### What the task asks
Quote the entries word for word. Omit the pictures.
⁂
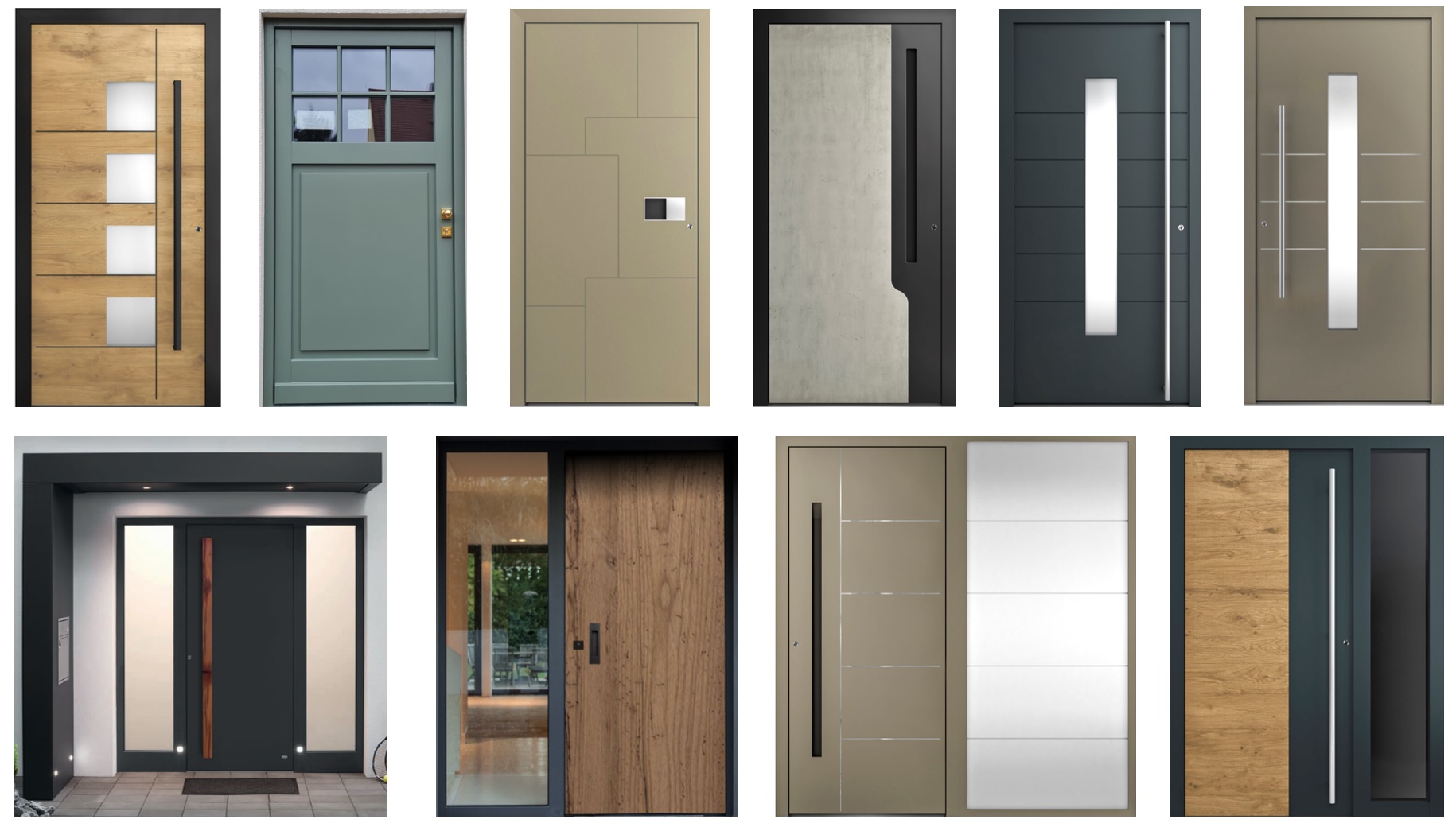 Schreinerei Josef Milde GmbH - Vorschau Haustüren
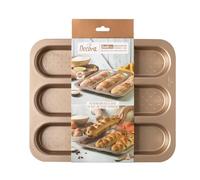 Decora Stampo per 3 baguette Gold Line – Metallo antiaderente, 3 cavità 38 x 32 x h 3 cm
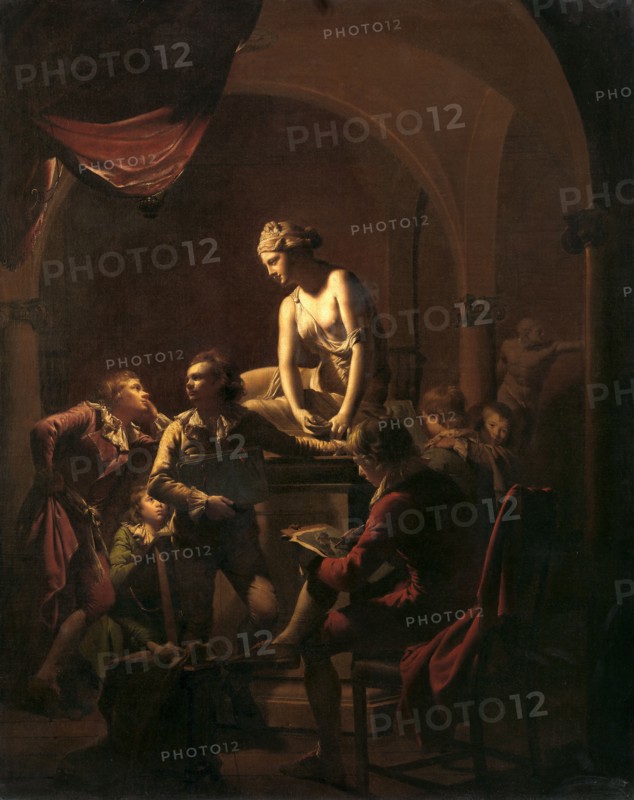 Academy by Lamplight, Joseph Wright of Derby, 1734-1797, British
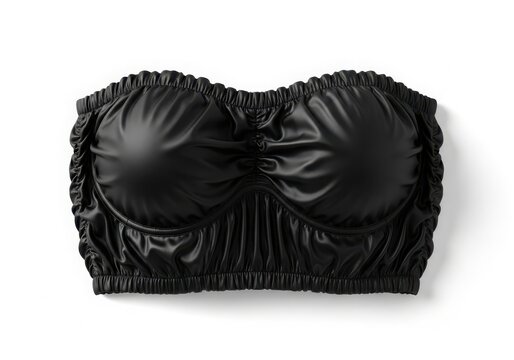 Black lace bralette with scalloped edges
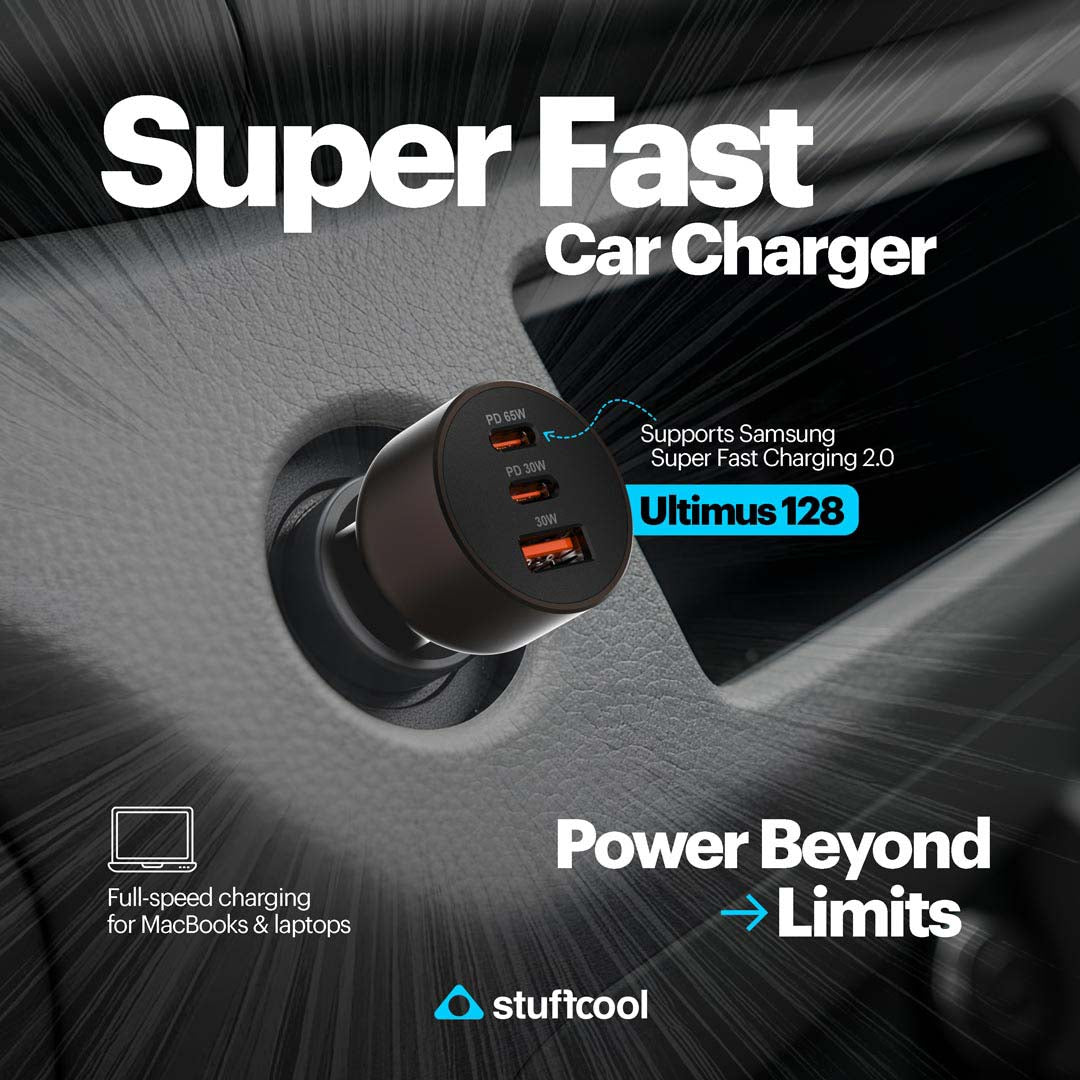Ultimus Universal Fast Car Charger 128W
⁂
### Your solution
 Schreinerei Josef Milde GmbH - Vorschau Haustüren
 Decora Stampo per 3 baguette Gold Line – Metallo antiaderente, 3 cavità 38 x 32 x h 3 cm
 Academy by Lamplight, Joseph Wright of Derby, 1734-1797, British
 Black lace bralette with scalloped edges
Ultimus Universal Fast Car Charger 128W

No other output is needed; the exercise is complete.